[Encontrei por acaso este texto e achei que me descreve na perfeição. Das palavras que podiam ser minhas]
Ano passado, na festa de despedida de uma amiga, ouvia calada e com atenção seu doloroso discurso sobre o quanto ela se preocupava com a decisão de ir embora. Dizia se preocupar com a saudade antecipada da família, com a tristeza em deixar um amor para trás e com a dor de se afastar dos amigos. Ela iria embora para Londres com tantas incertezas sobre cá e lá, que o intercâmbio mais parecia uma sentença ao exílio.
Dentre dicas e conselhos reconfortantes de outras amigas, lembro-me de interromper a discussão de forma mais fria e prática do que gostaria:
“Quando você estiver dentro daquele avião, olhar para baixo e ver todas estas dúvidas e desculpas do tamanho de formigas, voltamos a falar. E você vai entrar naquele avião, nem que eu mesma te coloque nele.”
Ela engoliu seco e balançou a cabeça afirmativa.
Penso que na época poderia ter adoçado o conselho. Mas fato é que a minha certeza era irredutível, tudo que ela precisava era perspectiva. Olhar a situação de outro ângulo, de cima, e ver seus dilemas e problemas como quem olha o mundo de um avião. Óbvio, eu não tirei essa experiência da cartola. Eu, como ela, já havia sido a garota atormentada pelas dúvidas de partir, deixando tudo para trás rumo ao desconhecido. Hoje sei que o medo nada mais era do que fruto da minha (nossa) obsessão em medir acções e ser assertiva. E foi só com o tempo e com as chances que me dei que descobri que não há nada mais libertador e esclarecedor do que o bom e velho tiro no escuro.

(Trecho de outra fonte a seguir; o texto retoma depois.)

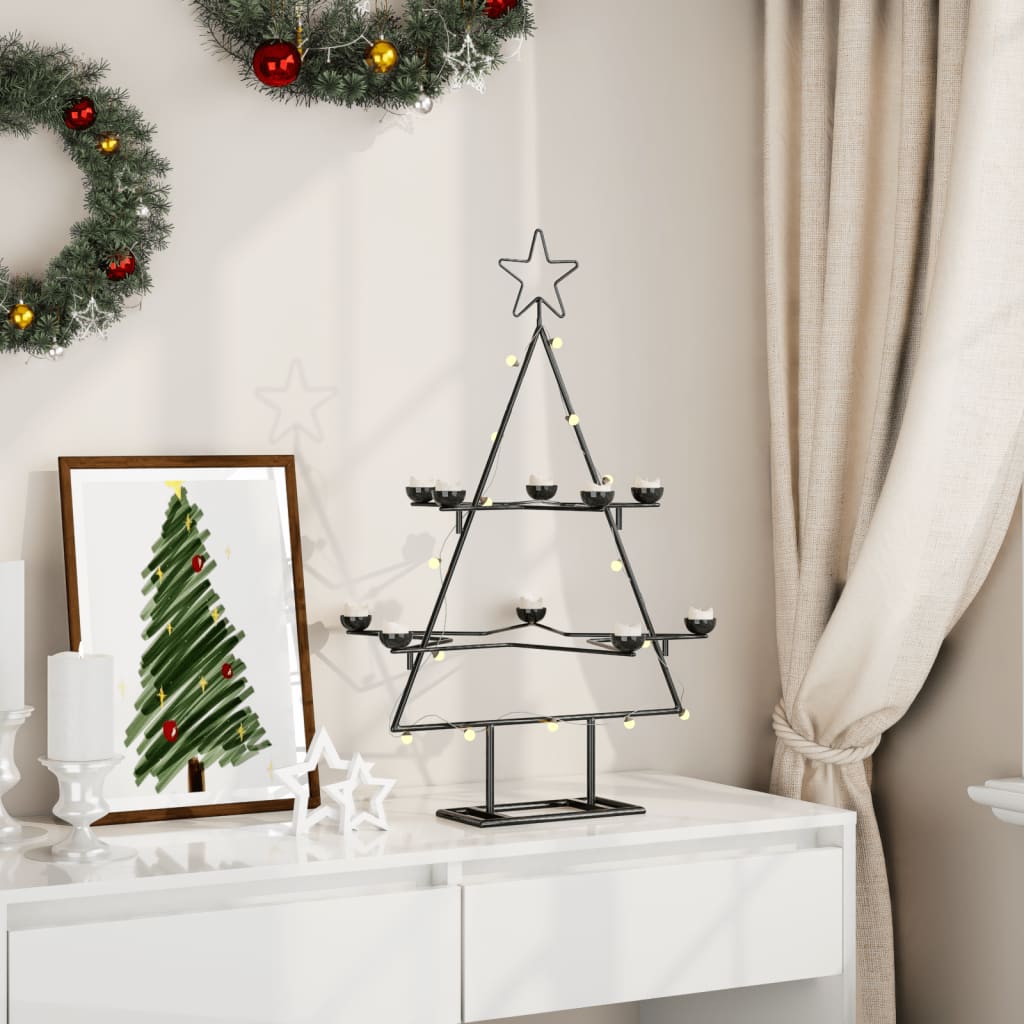Black metal Christmas tree stand, 29.5 inches tall, with tiered tealight holders.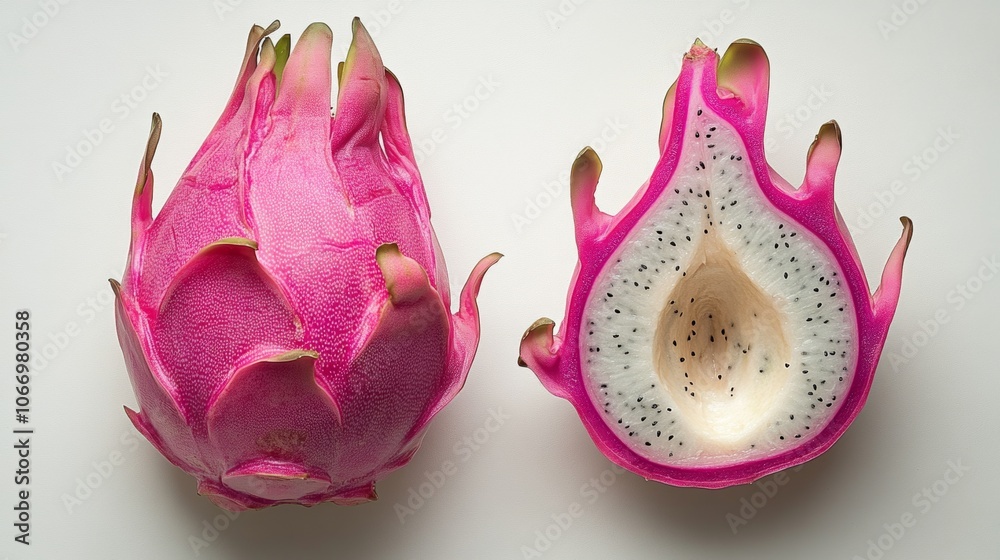 Fresh Pink Dragon Fruit Exotic Tropical Fruit Healthy Food Vitamin Rich Delicious Sweet Pitaya Cut Fresh Pink Dragon Fruit Exotic Tropical Fruit Healthy Food Vitamin Rich Delicious Sweet Pitaya Cut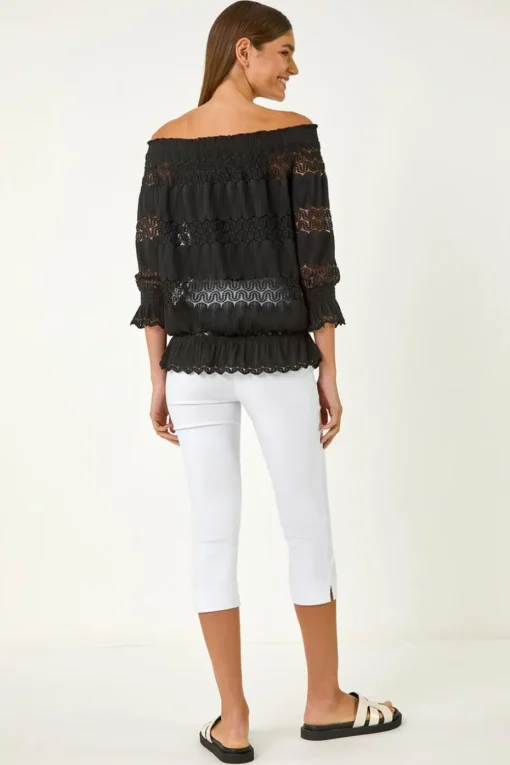 Roman Black Lace Insert Frill Bardot Top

Hoje a minha amiga não tem mais dúvida. Celebra a vida que ela criou para ela mesma lá na terra da rainha, onde eu mesma descobri tanto sobre minha própria realeza. Ironicamente – e também assim como eu – ela aprendeu que é preciso (e vai querer) muitas vezes uma certa distancia do ninho. Aprendeu que nem todo amor arrebatador é amor para vida inteira. Que os amigos, aqueles de verdade, podem até estar longe, mas nunca distantes. Hoje ela chama o antigo exílio de lar, e adora pegar um avião rumo ao desconhecido. Outras, como eu, e como ela, fizeram o mesmo. Todas entenderam que era preciso ir embora.
É preciso ir embora.
Ir embora é importante para que você entenda que você não é tão importante assim, que a vida segue, com ou sem você por perto. Pessoas nascem, morrem, casam, separam e resolvem os problemas que antes você acreditava só você resolver. É chocante e libertador – ninguém precisa de você para seguir vivendo. Nem sua mãe, nem seu pai, nem seu ex-patrão, nem sua pegada, nem ninguém. Parece besteira, mas a maioria de nós tem uma noção bem distorcida da importância do próprio umbigo – novidade para quem sofre deste mal: ninguém é insubstituível ou imprescindível. Lide com isso.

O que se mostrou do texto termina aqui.